To determine whether the DOJ properly invoked Exemption 7(C), the Court must first evaluate whether the withheld records were compiled for a law enforcement purpose. Tax Analysts v. IRS, 294 F.3d 71, 78 (D.C. Cir. 2002). If they were, the Court must decide whether disclosing the records would reasonably result in an “unwarranted” invasion of privacy. Hulstein, 671 F.3d at 695. This requires that the records implicate a substantial, as opposed to a de minimis, privacy interest. Id. If a substantial privacy interest is identified, the Court must analyze any countervailing public interest in the withheld records. If the records implicate a substantial privacy interest and the public has an interest in their disclosure, the Court will weigh the competing interests to determine whether disclosure is appropriate.

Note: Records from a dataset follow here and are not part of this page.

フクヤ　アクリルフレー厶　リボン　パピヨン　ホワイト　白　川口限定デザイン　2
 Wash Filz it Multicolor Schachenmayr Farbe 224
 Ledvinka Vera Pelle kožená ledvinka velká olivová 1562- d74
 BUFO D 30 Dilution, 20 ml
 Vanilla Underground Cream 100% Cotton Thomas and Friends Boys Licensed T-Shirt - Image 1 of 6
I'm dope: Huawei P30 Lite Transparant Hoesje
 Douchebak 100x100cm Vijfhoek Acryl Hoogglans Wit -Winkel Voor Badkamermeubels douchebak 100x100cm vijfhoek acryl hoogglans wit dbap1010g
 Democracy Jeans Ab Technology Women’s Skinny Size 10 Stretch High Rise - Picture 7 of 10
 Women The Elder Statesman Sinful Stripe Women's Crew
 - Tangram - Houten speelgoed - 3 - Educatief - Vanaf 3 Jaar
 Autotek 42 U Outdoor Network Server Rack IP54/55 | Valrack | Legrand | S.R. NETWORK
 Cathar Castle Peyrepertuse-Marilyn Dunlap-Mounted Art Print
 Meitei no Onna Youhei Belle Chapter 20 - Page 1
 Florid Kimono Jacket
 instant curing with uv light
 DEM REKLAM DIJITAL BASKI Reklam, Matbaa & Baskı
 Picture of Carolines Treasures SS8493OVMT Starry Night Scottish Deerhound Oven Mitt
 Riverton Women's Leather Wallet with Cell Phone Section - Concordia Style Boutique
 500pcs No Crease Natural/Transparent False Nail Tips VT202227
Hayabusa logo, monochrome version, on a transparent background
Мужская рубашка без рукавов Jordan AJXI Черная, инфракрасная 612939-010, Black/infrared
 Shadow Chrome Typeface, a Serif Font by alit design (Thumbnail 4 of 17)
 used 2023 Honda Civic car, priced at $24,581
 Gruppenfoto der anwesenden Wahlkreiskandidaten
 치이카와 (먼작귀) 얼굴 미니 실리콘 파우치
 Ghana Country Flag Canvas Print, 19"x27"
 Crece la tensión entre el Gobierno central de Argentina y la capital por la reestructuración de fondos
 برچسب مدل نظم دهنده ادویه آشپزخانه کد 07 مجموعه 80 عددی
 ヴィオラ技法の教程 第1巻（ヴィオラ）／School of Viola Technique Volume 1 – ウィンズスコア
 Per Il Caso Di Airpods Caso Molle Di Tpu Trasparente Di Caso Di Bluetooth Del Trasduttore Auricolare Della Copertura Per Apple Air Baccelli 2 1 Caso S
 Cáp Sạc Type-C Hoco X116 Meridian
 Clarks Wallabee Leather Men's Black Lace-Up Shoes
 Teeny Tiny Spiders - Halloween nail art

a. Law Enforcement Purposes

The Final Memorandum and all the related MOIs were compiled for law enforcement purposes. A record is compiled for law enforcement purposes when (1) “the investigatory activity that gave rise to the documents is related to the enforcement of federal laws, and” (2) “there is a rational nexus between the investigation and the agency's law enforcement duties.” Tax Analysts, 294 F.3d at 78; Blackwell v. FBI, 646 F.3d 37, 40 (D.C. Cir. 2011) (quoting Campbell v. Dep't of Justice, 164 F.3d 30, 32 (D.C. Cir. 1998)); Bartko v. Dep't of Justice, 898 F.3d 51, 64 (D.C. Cir. 2018). The inquiry focuses “on how and under what circumstances the requested files were compiled, ” and “whether the files sought relate to anything that can fairly be characterized as an enforcement proceeding.” Jefferson v. Dep't of Justice, 284 F.3d 172, 176 (D.C. Cir. 2002). A court “is ‘more deferential' to the agency's claimed purpose for the particular records” when that agency's primary function is law enforcement. Pub. Empls. For Envtl. Resp. v. U.S. Section, Int'l Boundary & Water Comm'n, U.S.-Mex., 740 F.3d 195, 203 (D.C. Cir. 2014) (quoting Tax Analysts, 294 F.3d at 77).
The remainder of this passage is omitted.